Let $\mathcal{P}_{z_0,z_1}$ the set of paths $[0,1]\to \mathbb{C}$ with endpoints $z_0$ $z_1$. $\mathcal{P}_{z_0,z_1}$ is an affine space modeled on the vector space of maps $[0,1]\to\mathbb{C}$ that vanish at endpoints.
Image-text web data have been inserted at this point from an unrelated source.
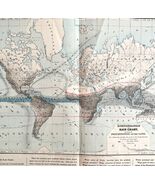 Map Of The World 1884 Hyetographic Rain Charts Victorian Lithograph DWP3D - $1,114.60 MXN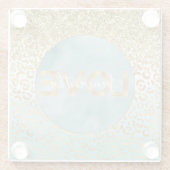 ミントガーリーウォーター色金ゴールドヒョウ印刷ラブ ガラスコースター (裏面)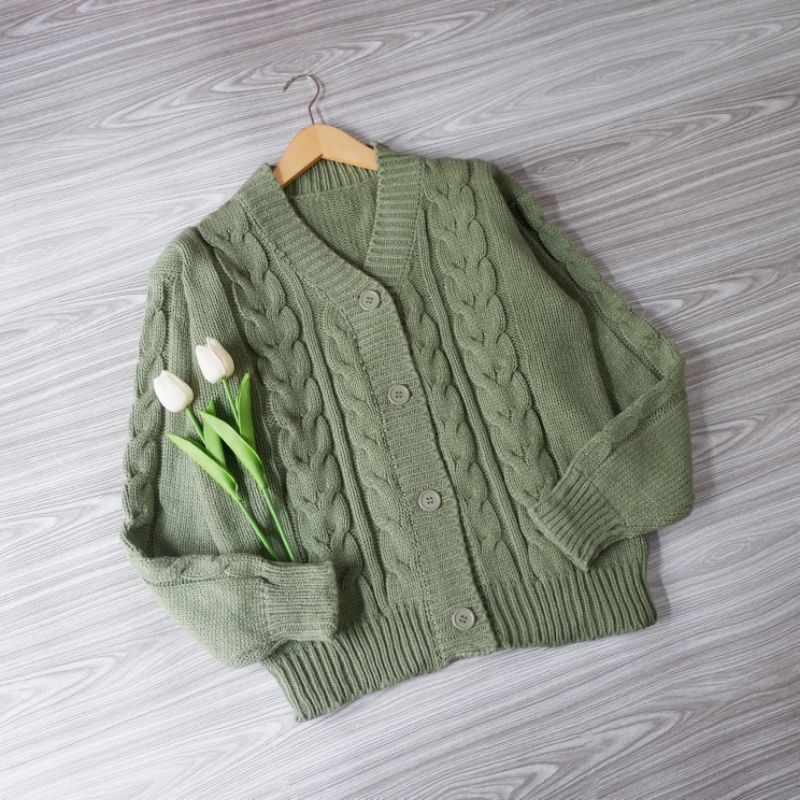 [ BISA COD ] SWEATER AYNA CARDI / ATASAN WANITA LENGAN PANJANG BAHAN RAJUT PREMIUM TEBAL / KARDIGAN KOREAN STYLE MUSIM DINGIN / WARNA MINT BROKEN WHITE MILO BURGUNDY-Mint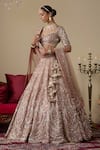 Shop_Chaashni By Maansi And Ketan_Pink Tissue, Organza, Net Sequins, Mirrors, Dabka Embellished Bridal Lehenga Set _Online_at_Aza_Fashions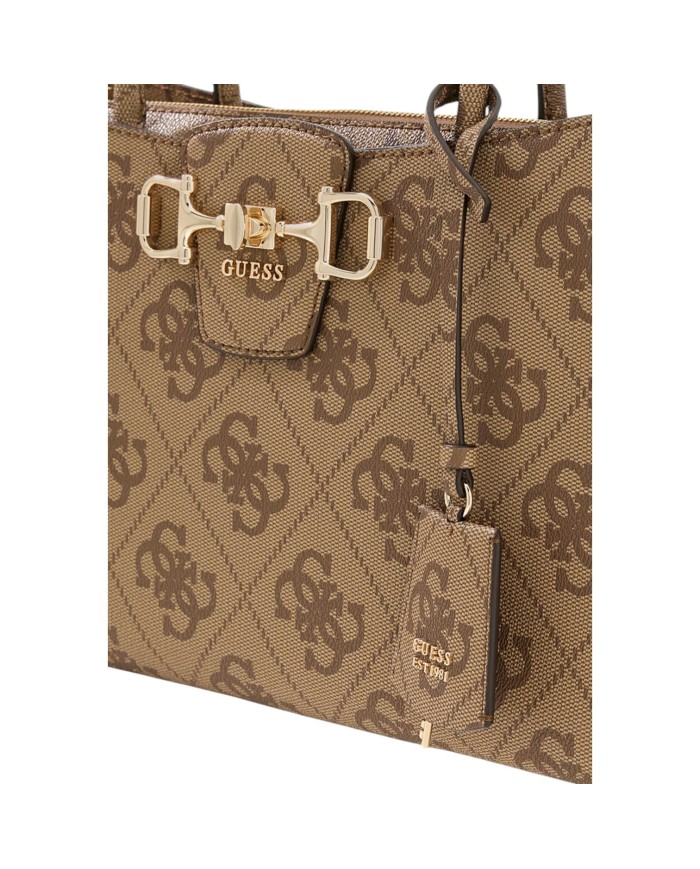 Borsa Donna Guess Janie 4G Logo Con Tracolla Leather Latte Beige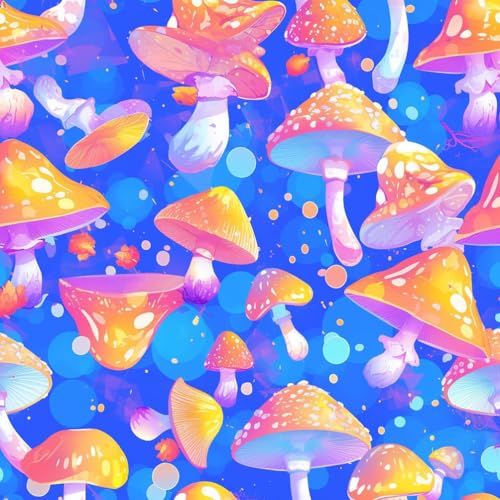 Wandbelag selbstklebend Aquarell bunter Pilz Pilz im Märchenwald einfach anzubringen Klebefolie Muster Möbelfolie Selbstklebend Möbelaufkleber Wasserdichte Klebetapete Vinyl Folie für Möbel Wand Schr von JIAOQSS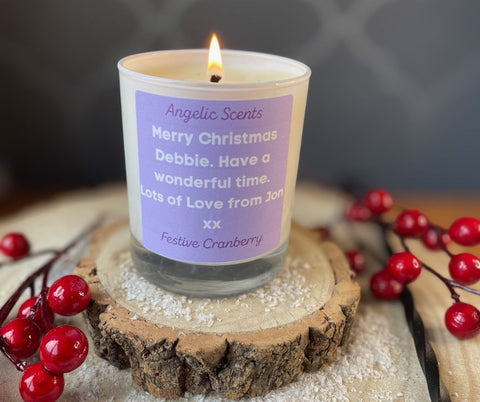 Personalised Christmas Candles, 20cl, Soy Wax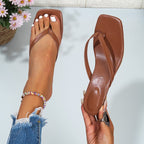Women’s Kitten Heel Flip Flops with Square Toe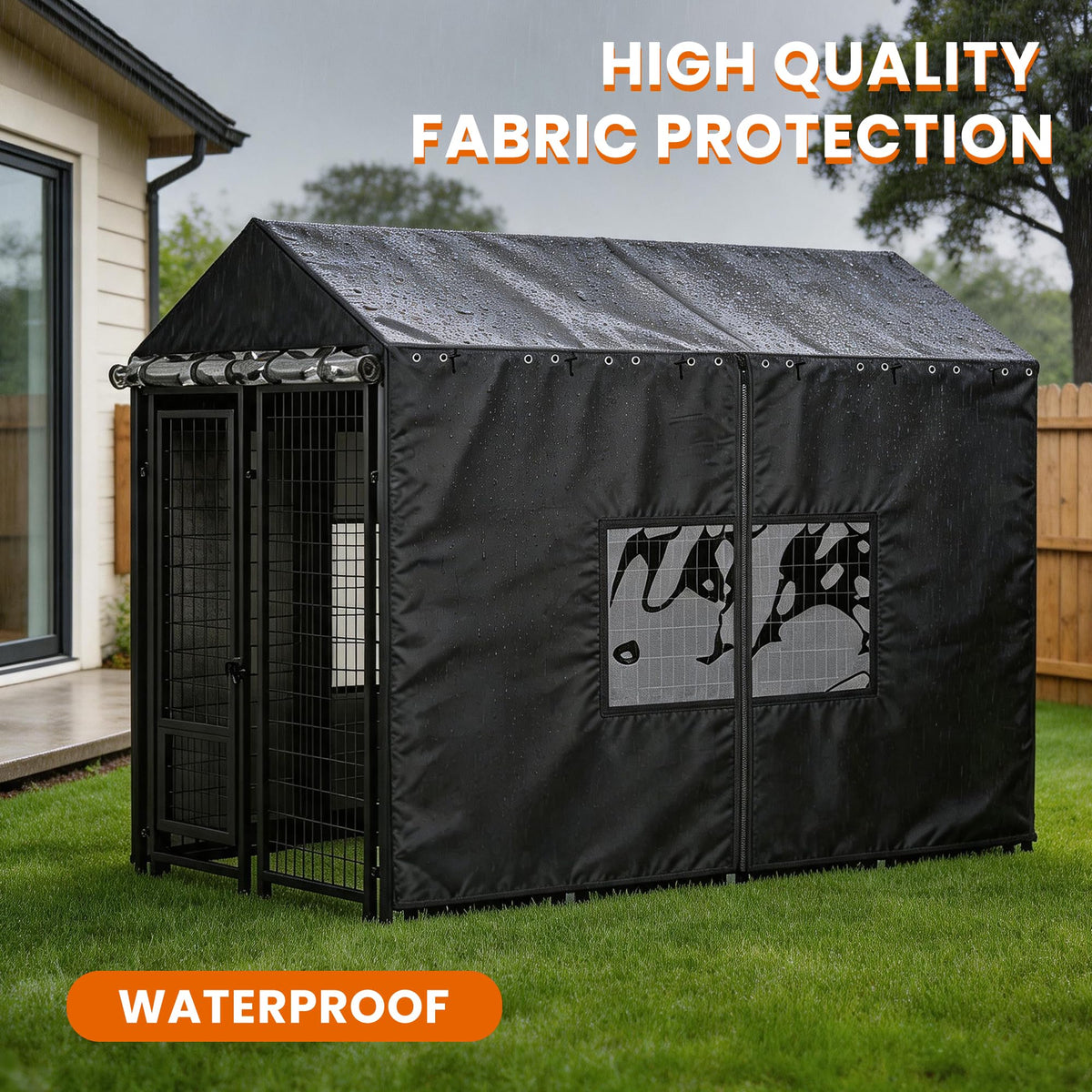 Outdoor Dog Kennel Cover with Clear PVC Windows & Roll-Up Panels Y940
If $\gamma\in \mathcal{P}_{z_0,z_1}$ is an embedded path inside the disk, then the area between $\gamma$ and $C$ is given by the integral

$$\int_C xdy -\int_\gamma xdy $$

Your constraint can now be given a simpler form

$$\int_\gamma xdy =const. $$

Now solve the constrained variational problem

$$ \min\left\lbrace \int_0^1 |\dot{\gamma}(t)| dt;\;\;\gamma\in \mathcal{P}_{z_0,z_1},\;\;\int_\gamma xdy =const\right\rbrace. $$

If we write $\gamma(t)= x(t) + i y(t)$ then the constraint equation can be rewritten as

$$ \int_0^1 x(t) \dot{y}(t) dt =const. $$

This defines a quadratic hypersurface in the affine space $\mathcal{P}_{z_0,z_1}$.

If we define

$$L, F: \mathcal{P}_{z_0,z_1}\to \mathbb{R}, $$ $$ L(\gamma)= \int_0^1 |\dot{\gamma}(t)| dt,\;\; F(\gamma)= \int_\gamma xdy$$

then the Euler-Lagrange equations for the above variational problem have the form

$$ dL +\lambda dG=0 \tag{$EL_\lambda$}$$

where $\lambda\in\mathbb{R}$ is a Lagrange multiplier and $dL$ and $dF$ are the differentials of $L$ resp. $F$. The differential of $F$ is a linear function so ($EL_\lambda$) can be viewed as a nonlinear eigenvalue problem. It can be written very explicitly and I believe that playing with it will yield the desired conclusion.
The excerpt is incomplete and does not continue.